In 1974, the locomotive and wagon Works were merged under the name of Railway Vehicle Factory and then the machine construction branch went through significant development. The production of industrial and apartment house lifts became a new branch. Ganz-MÁVAG took over a lot of smaller plants in the 1960s and 1970s and their product range was extended. Among other things, they increased their bridge-building capacity. They made iron structures for several Tisza bridges, for the Erzsébet Bridge in Budapest, for public road bridges in Yugoslavia and for several industrial halls.
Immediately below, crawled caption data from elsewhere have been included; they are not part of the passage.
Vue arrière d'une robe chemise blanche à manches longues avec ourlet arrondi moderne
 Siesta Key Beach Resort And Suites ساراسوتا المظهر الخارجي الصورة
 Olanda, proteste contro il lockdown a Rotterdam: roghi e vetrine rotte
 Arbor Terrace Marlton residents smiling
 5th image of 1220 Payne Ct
The Ganz Shipyard experienced its most productive times during the four decades following nationalisation. In the course of this period 1100 ship units were produced, the number of completed seagoing ships was 240 and that of floating cranes was 663. As a result of the great economic and social crises of the 1980s, Ganz-MÁVAG had to be reorganised. The company was transformed into seven independent Works and three joint ventures.

==Ganz since 1989==
In 1989, the British company Telfos Holdings gained a majority of the shares in Ganz Railway Vehicle Factory Co. Ltd. and the name of the company was changed to Ganz-Hunslet Co. Ltd. In the course of 1991 and 1992, the Austrian company Jenbacher Werke obtained 100% of the company's shares and consequently the railway vehicle factory is now a member of the international railway vehicle manufacturing group, Jenbacher Transport Systeme. At present, the Ganz Electric Works, under the name of Ganz-Ansaldo is a member of the Italian industrial giant, AnsaldoBreda. The Ganz Works were transformed into holdings. Ganz-Danubius was wound up in 1994. The Ganz Electric Meter Factory in Gödöllő became the member of the international Schlumberger group.
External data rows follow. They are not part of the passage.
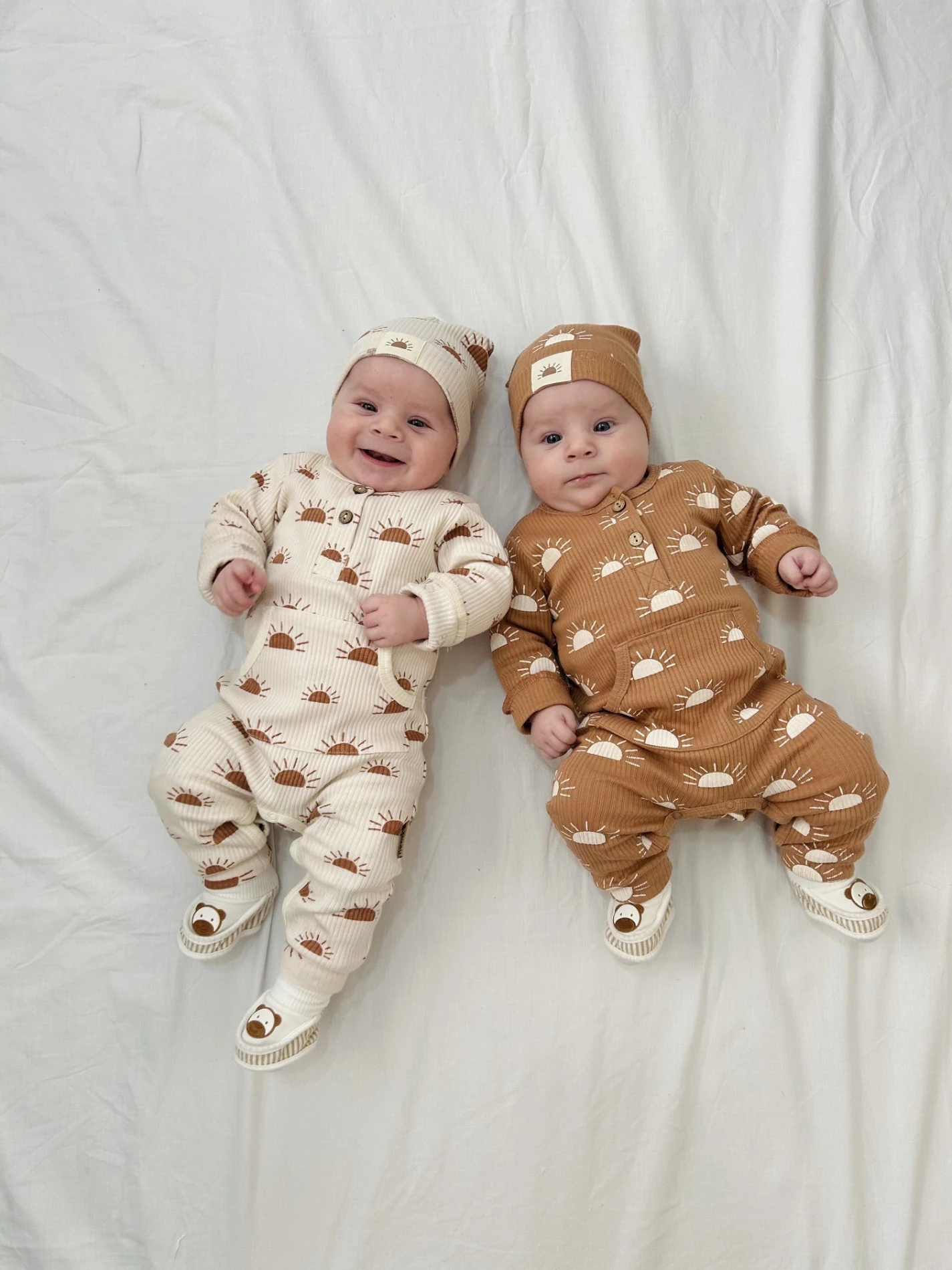 Güneş Detaylı Ribanalı Şapkalı Unısex Tulum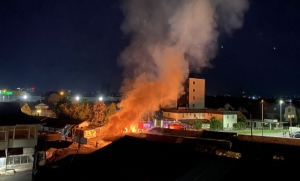 Buktinja na pijaci u BiH! Oko ponoći gorjeli štandovi sa voćem i povrćem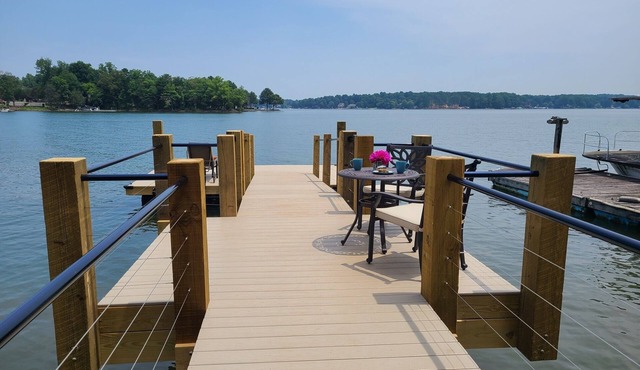 SPECTACULAR LAKEFRONT MODERN OASIS New to VRBO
In 2006, the power transmission and distribution sectors of Ganz Transelektro were acquired by Crompton Greaves, but still doing business under the Ganz brand name, while the unit dealing with electric traction (propulsion and control systems for electric vehicles) was acquired by Škoda Transportation and is now a part of Škoda Electric.
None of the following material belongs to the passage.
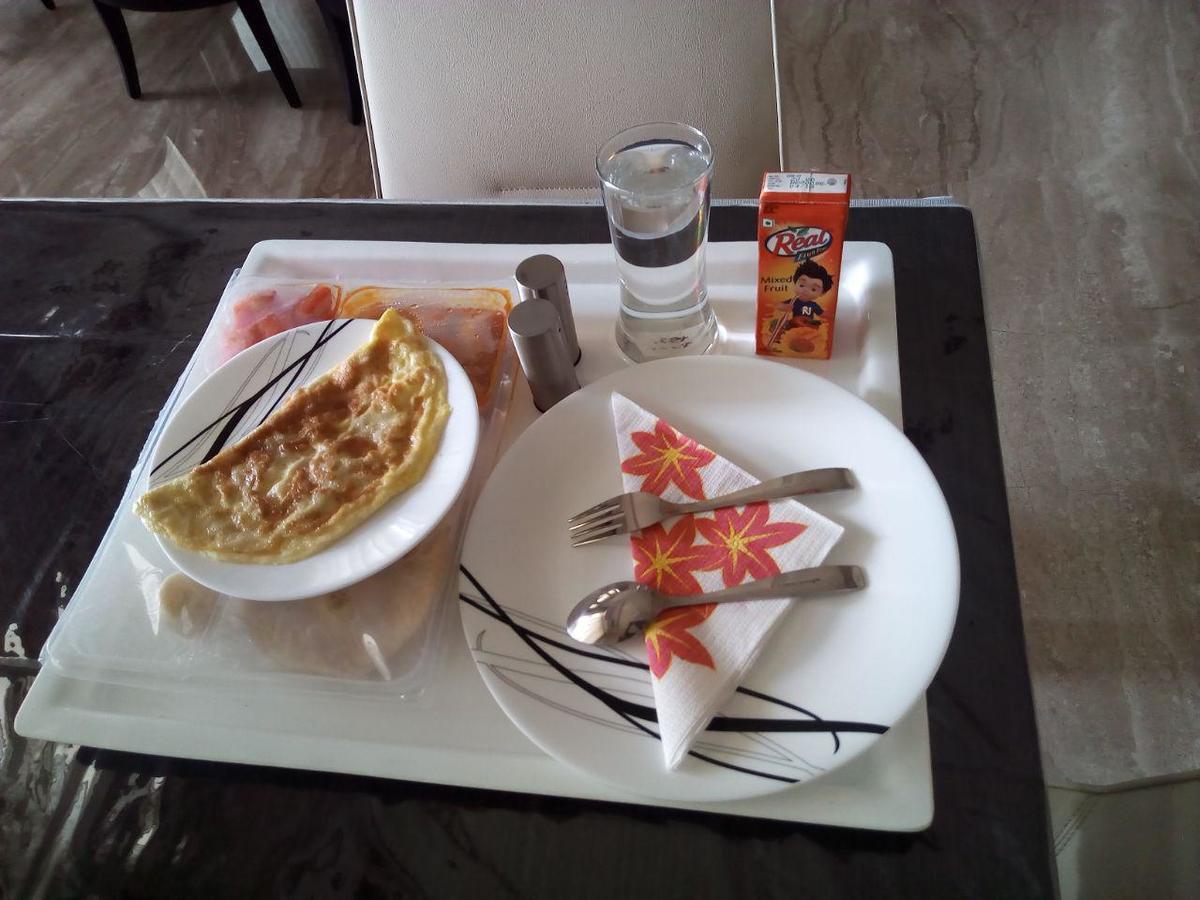 Lakeview Service Apartments Калькутта Экстерьер фото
Now the plant is operated by a new investor as a tenant, Ganz Transformer Motor and Manufacturing Ltd., after the previous owner was unable to finance the production.

Timeline

- 1991: Joint Venture with Italian Ansaldo named Ganz Ansaldo Ltd.
- 1994: Air-cooled turbogenerator from 20 up to 70MVA
- 1998: Development of double-cage induction motor for twin-drives first on the world
- 2000: Acquisition by Transelektro Group under name of Ganz-Transelektro
- 2001: Developed 1MW ExN Non-sparking gasturbine starter motors for GE
- 2002: First transformer in the world for 123 kV with ester liquid
- 2006: Became a Part of Crompton Greaves Ltd as CG Electric Systerms Hungary
- 2010: Start of manufacturing Safety Class 3&4 motors for Nuclear Power Plants
- 2018: Developing VFD-driven Increased Safety LVAC motors for driving OEM pumps used in Oil&gas fields
- 2020: Establishment of Ganz Transformer Motor and Generator Ltd., Ganz brand back in Hungarian ownership

== Divisions ==

Source:

- Transformer division – The Transformer division specializes in the design, manufacture and testing of substation transformers, generation transformers, auxiliary transformers, mobile transformers and traction transformers from 20 to 600 MVA (1000 MVA for autotransformers) from 52 to 800 kV.
- Rotating machines division – The production of three-phase, alternating current induction motors began in the factory in 1894. Through the 90's Ganz has developed more advanced motors with decreased total weight, increased efficiency and low noise levels in order to satisfy the actual needs of the market and all conditions of the industrial application and to conform to IEC, NEMA, ATEX and EAC standards.
- GIS Service Division – GIS Service division performs onsite works like maintenance, inspection, modification, overhaul, extensions on former GANZ and other brands of switchgears. The activity is mainly focused on the existing substations and equipment.